Early rangers traveled the landscape by foot and supplied their own riding stock. To ease their duties, the Forest Service developed a network of trails connecting a series of existing cabins placed one day’s ride apart.
Some forest rangers met their future spouses as a result of their duties in the woods, such as Ray Trueman, a ranger at Big Prairie who married Ruby Kirchbalm, a woman who operated a 30-horse pack string between Coram and Big Prairie after World War I.
The old log buildings, many bearing the visible signatures of visitors dating back to the 1940s, can be found in nearly every corner of the wilderness, from the Danaher Cabin built in 1910 on the Flathead National Forest to the Hahn Cabin built in 1923.
Between the mid-1940s and the end of the 1950s, visitation to the Bob Marshall Wilderness increased from roughly 500 to 5,000 visitors — most of whom accessed the area on horseback. Still, management of the backcountry remained relatively unchanged. In the early 1960s, the forest continued to use three of its backcountry airstrips. Its three district headquarters complexes (Spotted Bear, Big Prairie and Schafer) were manned on a seasonal basis, and the guard stations continued to supply shelter to government packers, trail crews and other employees working on research and administrative tasks.
The passage of the federal Wilderness Act dramatically altered some aspects of the Flathead National Forest’s management of the portion of its backcountry system in the Bob Marshall Wilderness. Provisions of the act required the closure of all airstrips in wilderness areas with the result that administrative sites in the Bob Marshall Wilderness would have to be resupplied by pack train. In 1978, when the Middle Fork area was included in the Great Bear Wilderness, the airstrip at Schafer Ranger Station was specifically exempted from the rules prohibiting airstrips in wilderness.

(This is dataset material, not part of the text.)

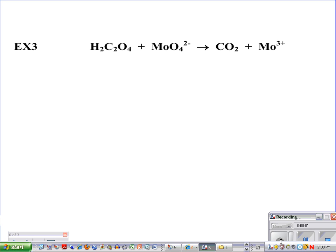Here are the last two balancing redox problems on our notes. Notice that if it does not say anything about acidic or basic environment, then you always assume acidic. So example number three is an acidic environment, and example number four will be basic, which we have not talked about yet. So, example number three.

On the Flathead, roughly 45 miles of ground return phone line remains in use, according to Light. The last of its kind, it connects the Black Cabin with the Salmon Forks, Big Prairie, Basin and Danaher cabins.
“In the early years, the cabins were built to help the Forest Service manage the backcountry,” Light said. “After the 1910 burn, we started focusing on fire suppression and the cabins became more important.”
The buildings at Big Prairie are squarely in the middle of the wilderness, while Danaher is difficult to reach and Gooseberry, in the Middle Fork, is even further removed.
The historic structures enliven the backcountry with their history, including tales of unexplained phenomena.
For members of the trail crew at Big Prairie, it’s the sound of footsteps upstairs in the tool shed, which was once used to house the complex’s winter caretakers, back when the Forest Service attempted to maintain a herd of stock in the backcountry through the winter.
During the winter of 1923-24, Clayton Roush, his wife and the couple’s 2-year-old daughter lived at Big Prairie, looking after the forest’s livestock. In January, his daughter became ill, and Roush traveled the 100 miles to Missoula on snowshoes — roughly a weeklong trip — to seek medical advice. Upon his return, he found that his daughter had died a few days after his departure, a period during which his wife was fraught with anxiety and occupied her time worrying about her daughter and pacing back and forth in the upstairs bedroom.
Roush and his wife buried the girl on a small knoll adjacent to the west bank of the South Fork Flathead River, overlooking the building complex.
“Every now and then, when a trail crew is in there sharpening axes and doing things downstairs, they’ll swear they hear footsteps up above them,” Tad Wehunt, wilderness manager for the Spotted Bear Ranger District, said.